## PROBLEM REQUIREMENTS
Word for word, retype the lines from the one containing "Jo Log samaj" to the one containing "6 ELIZABETH STREET, Woodend QLD 4305" below, keeping both end lines and dropping the pictures.

## INPUT RECORDS
────────────────────

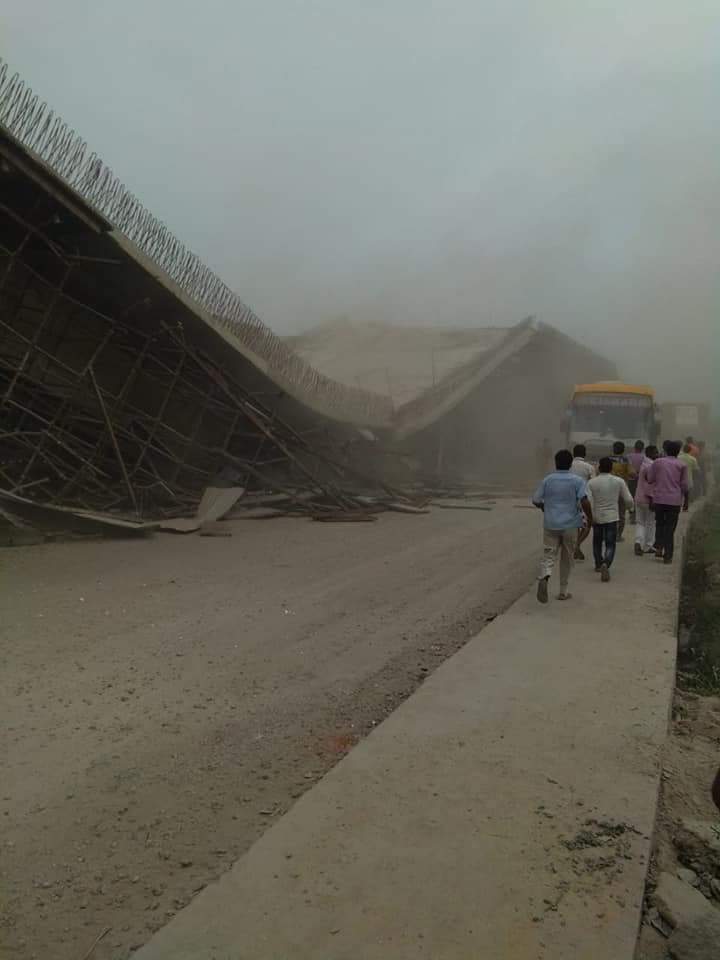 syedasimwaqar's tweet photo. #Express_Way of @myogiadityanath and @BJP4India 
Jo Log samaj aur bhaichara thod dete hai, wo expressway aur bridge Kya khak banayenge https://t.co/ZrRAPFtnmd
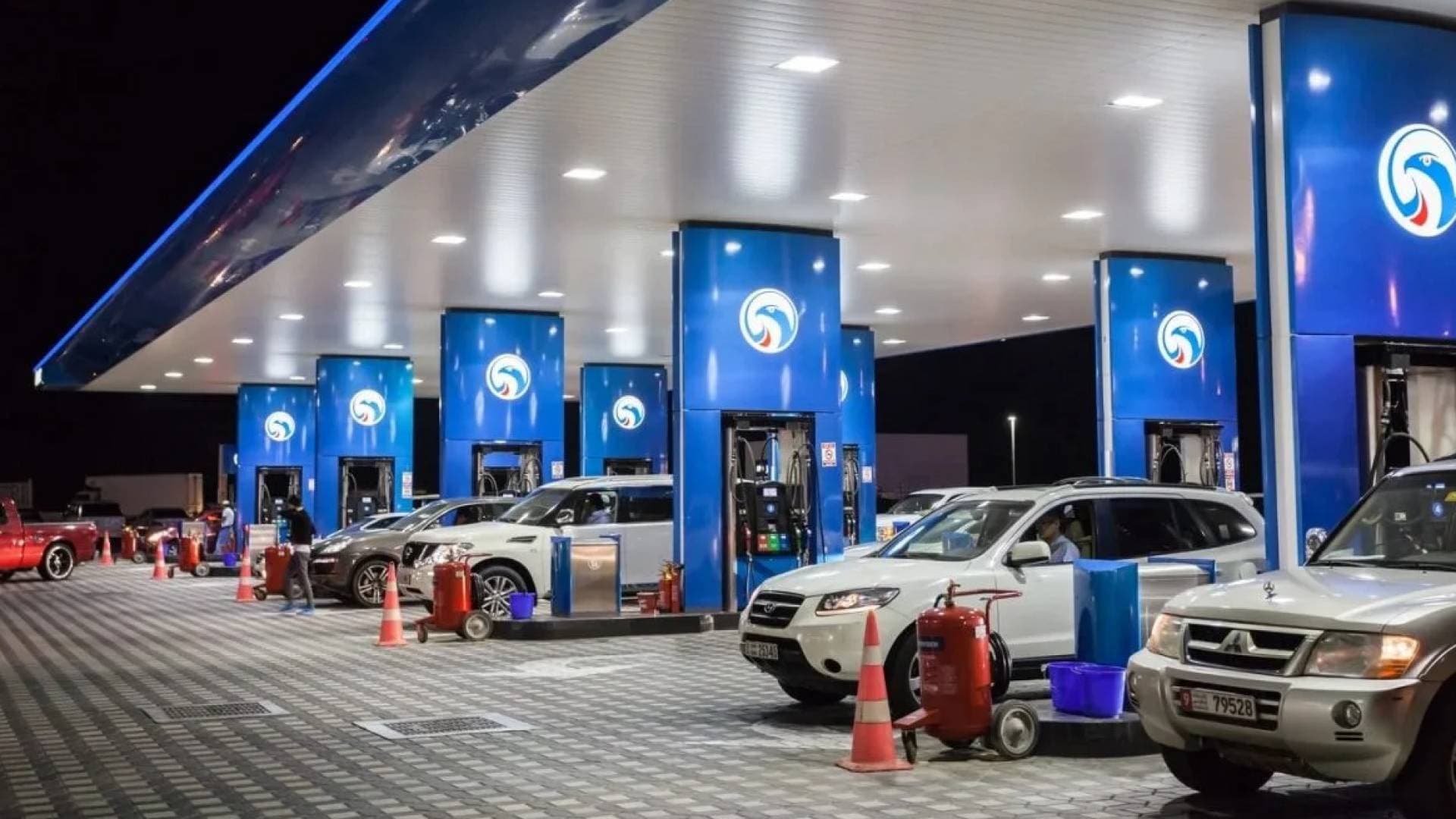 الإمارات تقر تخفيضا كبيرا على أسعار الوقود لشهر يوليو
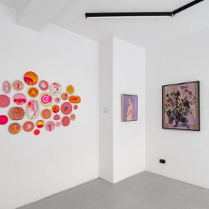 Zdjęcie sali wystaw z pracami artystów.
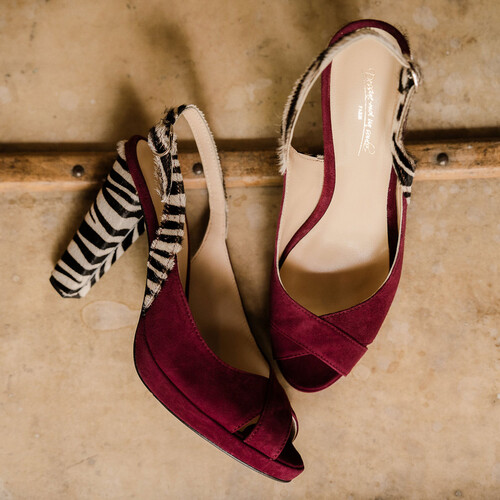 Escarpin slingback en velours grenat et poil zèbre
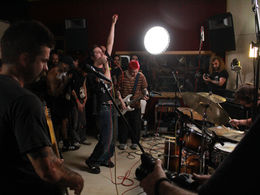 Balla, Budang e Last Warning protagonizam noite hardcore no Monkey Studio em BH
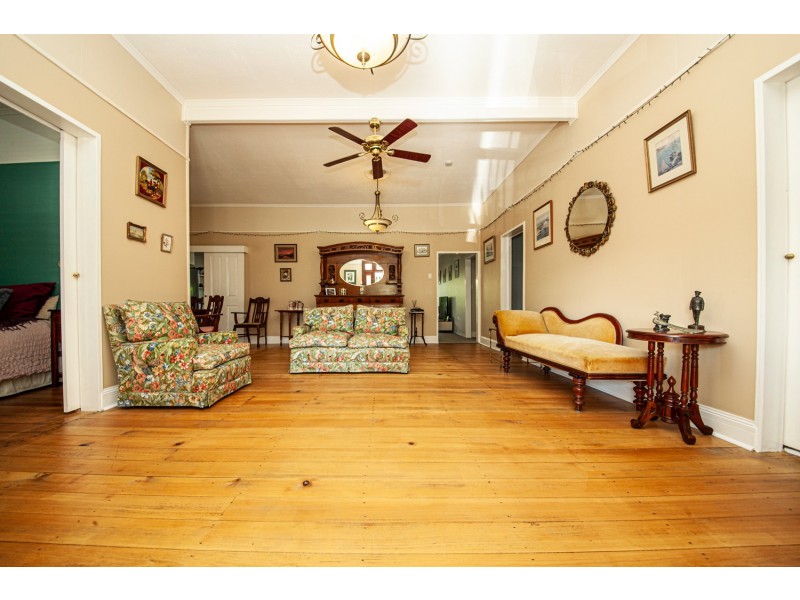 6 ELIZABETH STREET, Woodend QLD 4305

────────────────────

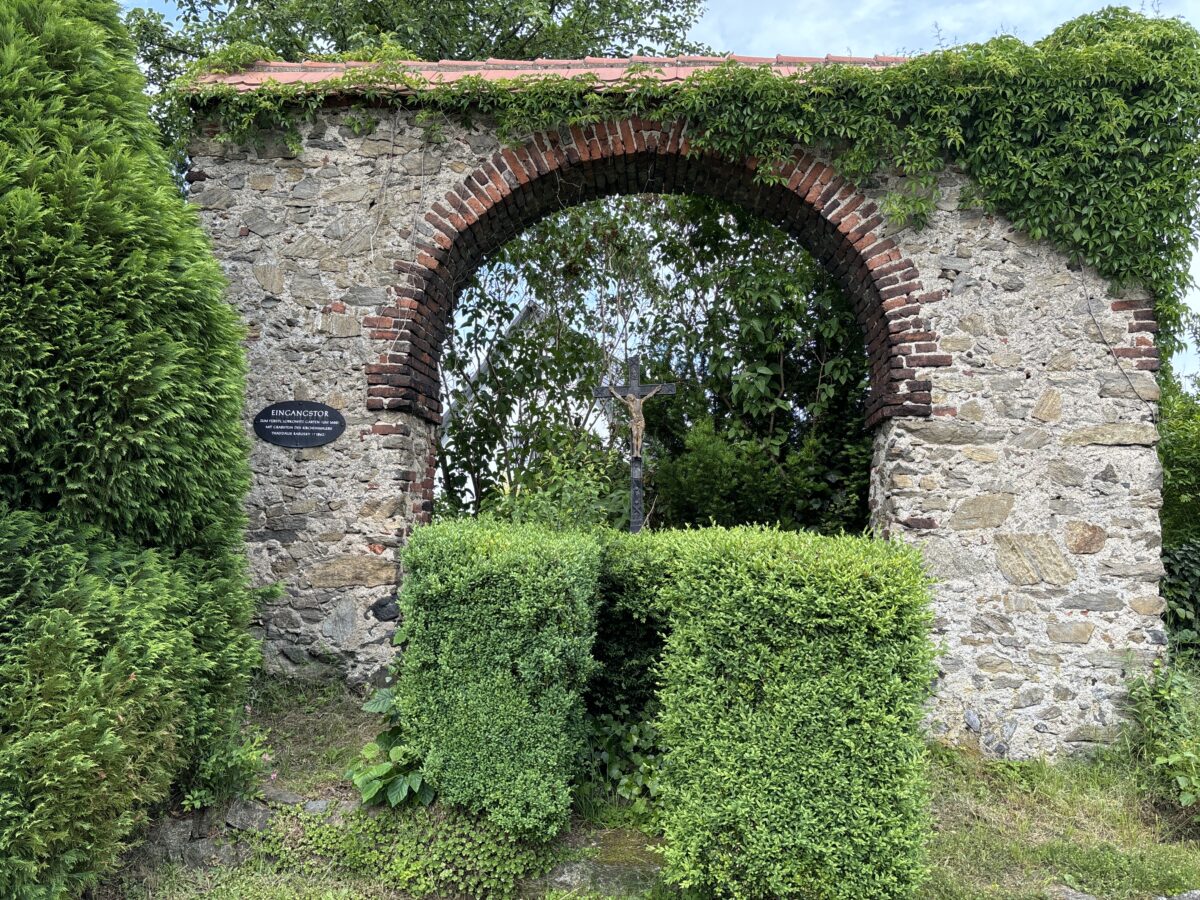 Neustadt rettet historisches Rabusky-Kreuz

────────────────────

## RESULT OF THIS EXERCISE
Jo Log samaj aur bhaichara thod dete hai, wo expressway aur bridge Kya khak banayenge https://t.co/ZrRAPFtnmd
 الإمارات تقر تخفيضا كبيرا على أسعار الوقود لشهر يوليو
 Zdjęcie sali wystaw z pracami artystów.
 Escarpin slingback en velours grenat et poil zèbre
 Balla, Budang e Last Warning protagonizam noite hardcore no Monkey Studio em BH
 6 ELIZABETH STREET, Woodend QLD 4305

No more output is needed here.